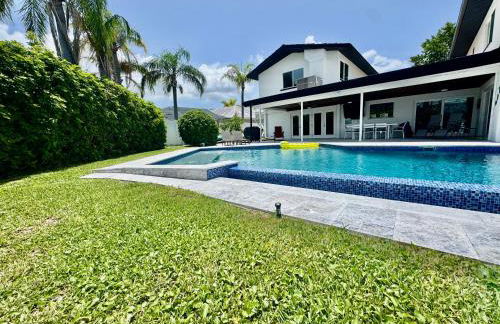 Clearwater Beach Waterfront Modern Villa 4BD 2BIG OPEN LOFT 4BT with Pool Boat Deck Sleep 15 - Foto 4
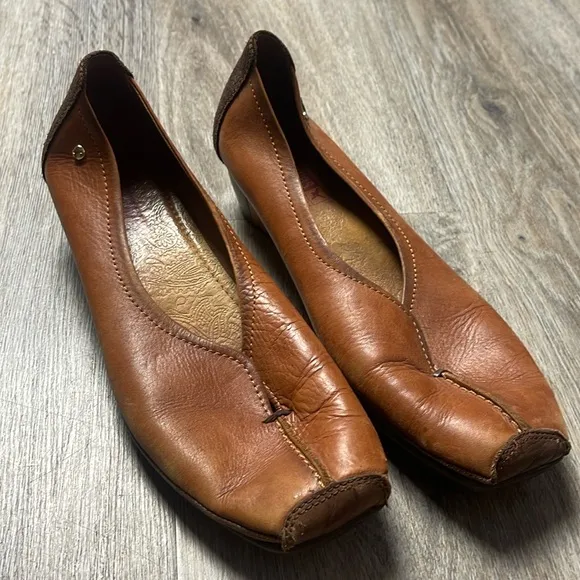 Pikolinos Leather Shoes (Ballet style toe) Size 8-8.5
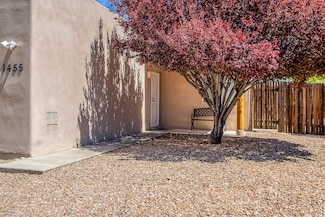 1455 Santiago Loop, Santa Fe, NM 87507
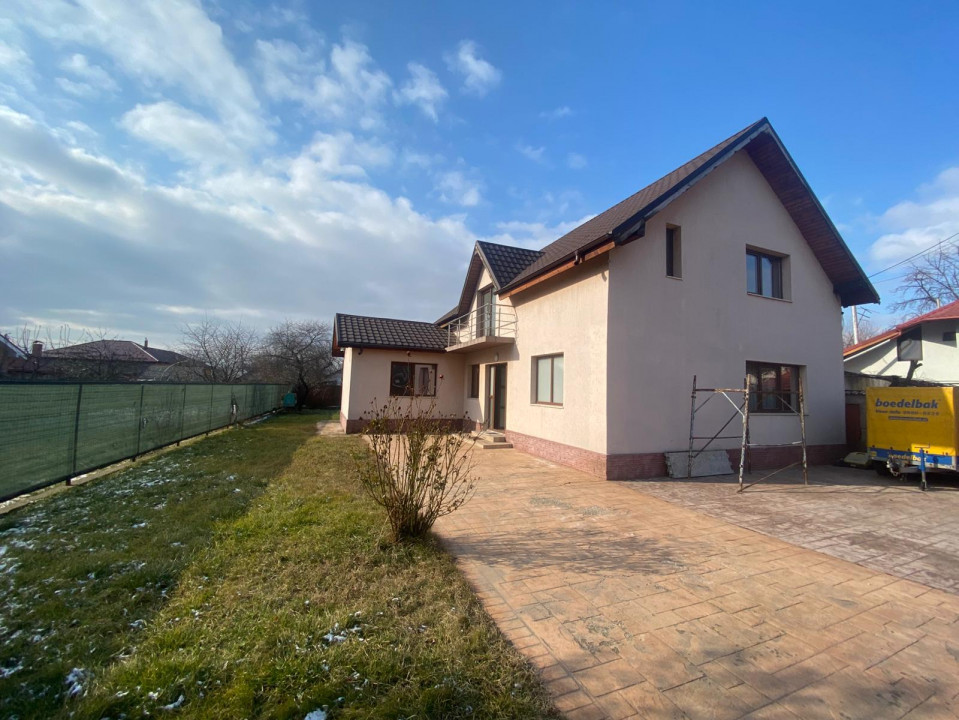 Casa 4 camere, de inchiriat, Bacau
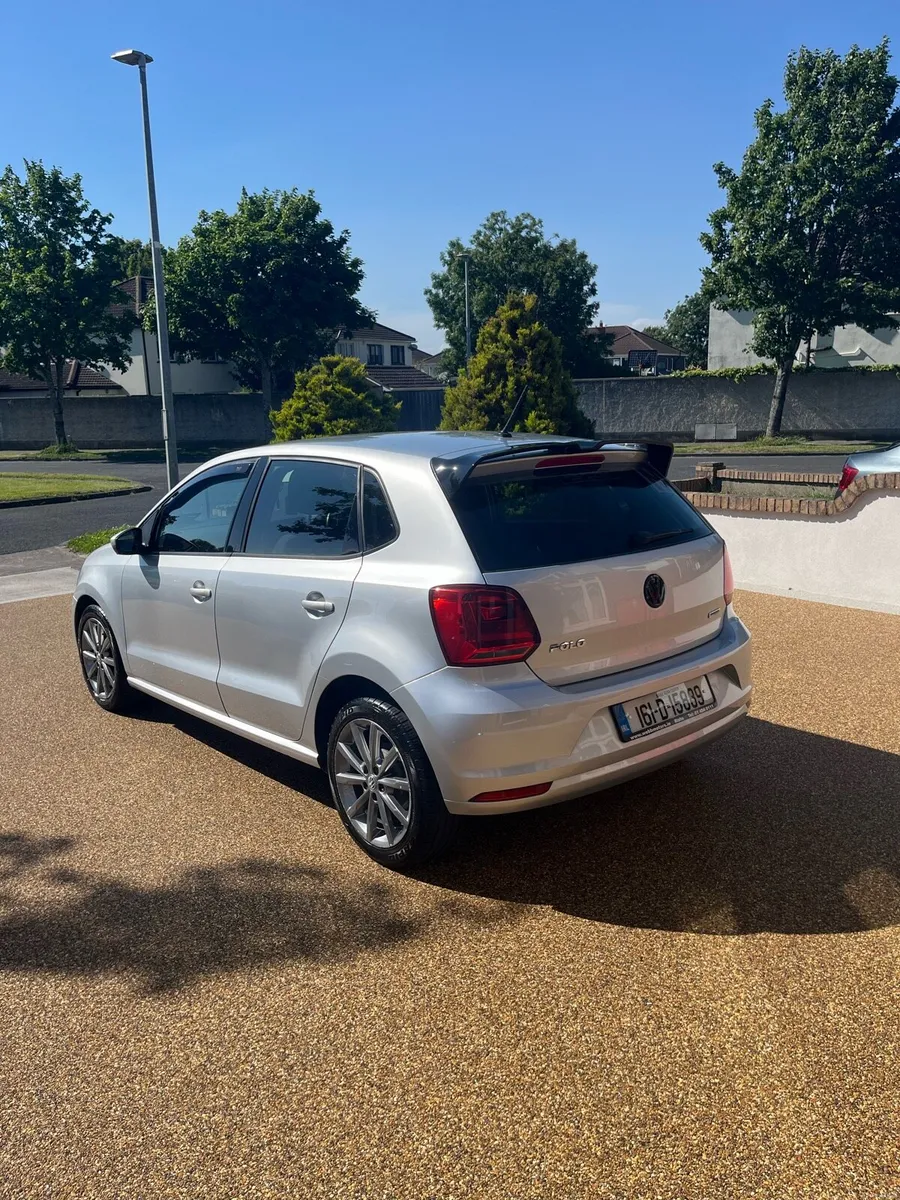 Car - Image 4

**TASK INSTRUCTIONS:** Reproduce the listing exactly. Leave its pictures out.

**EXPECTED ANSWER:**
 Clearwater Beach Waterfront Modern Villa 4BD 2BIG OPEN LOFT 4BT with Pool Boat Deck Sleep 15 - Foto 4
 Pikolinos Leather Shoes (Ballet style toe) Size 8-8.5
 1455 Santiago Loop, Santa Fe, NM 87507
 Casa 4 camere, de inchiriat, Bacau
 Car - Image 4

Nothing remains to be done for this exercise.